What's the best way to backup / secure the data on my computer?


My computer crashed and burned last February. Fortunately, I managed to save my data, but it was a close call and it's set me to thinking...


So here's the way I've been doing things until now. I have an external 1 TB USB drive sitting on the desk in my office. Every evening before leaving for home I manually copy the folder containing all of my business files over onto this drive. We're not talking about vast quantities of information here; in reality it's no more than a couple of gigabytes of working data.

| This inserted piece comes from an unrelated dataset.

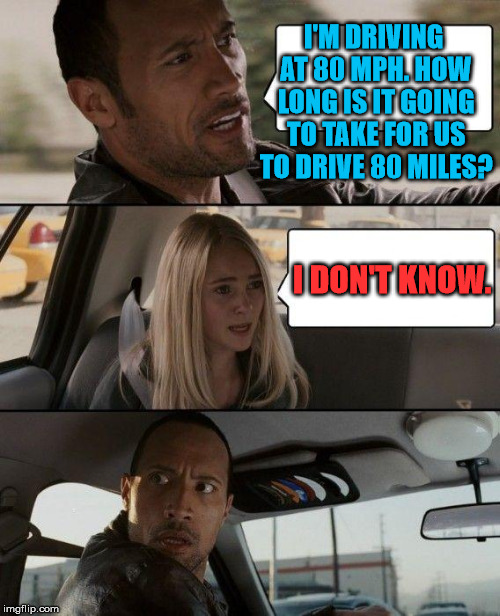 The Rock Driving | I'M DRIVING AT 80 MPH. HOW LONG IS IT GOING TO TAKE FOR US TO DRIVE 80 MILES? I DON'T KNOW. | image tagged in memes,the rock driving | made w/ Imgflip meme maker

The problem when my computer died was that I'd been working at home for a couple of days, so I hadn't been taking my regular backups. More fool me, of course, but it's made me realize that I have to come up with a better strategy. So now I'm looking for advice...


What I would really like

Let's start off with what I would really like. One thing is that it would be nice to stop having to carry my notepad computer back and forth between my home and my office. I recently purchased a mega-amazing 28-inch monitor for my office. In the fullness of time – and on the basis that I spend all my working days day slogging away at the computer – I would really like to have two (or even three) of these monitors forming a huge desktop, but this would require a system with an appropriate graphics card (maybe multiple cards), which rules out my notepad computer.


So I'm thinking of building a powerful (but affordable) tower computer that would be capable of driving multiple screens in my office. Meanwhile, I would keep my notepad computer for use at home and when I'm on the road travelling. Of course the problem now is how shall I ensure the integrity of my data? And part of this is how will I keep both of my machines synchronized?


With regard to my application programs, I'm not so worried about backing these up per se. I pretty much stick to a few standard programs like the icrosoft OfficeM 2010 suite, Visio 2010, and PaintShop Pro, plus a bunch of freeware utilities, so I just need to make sure that I have the same applications loaded on both machines. Hmmm, if I have two machines that only I use (one in the office and one at home), is it OK for me to load the same copy of Microsoft Office and so forth onto both of them I wonder?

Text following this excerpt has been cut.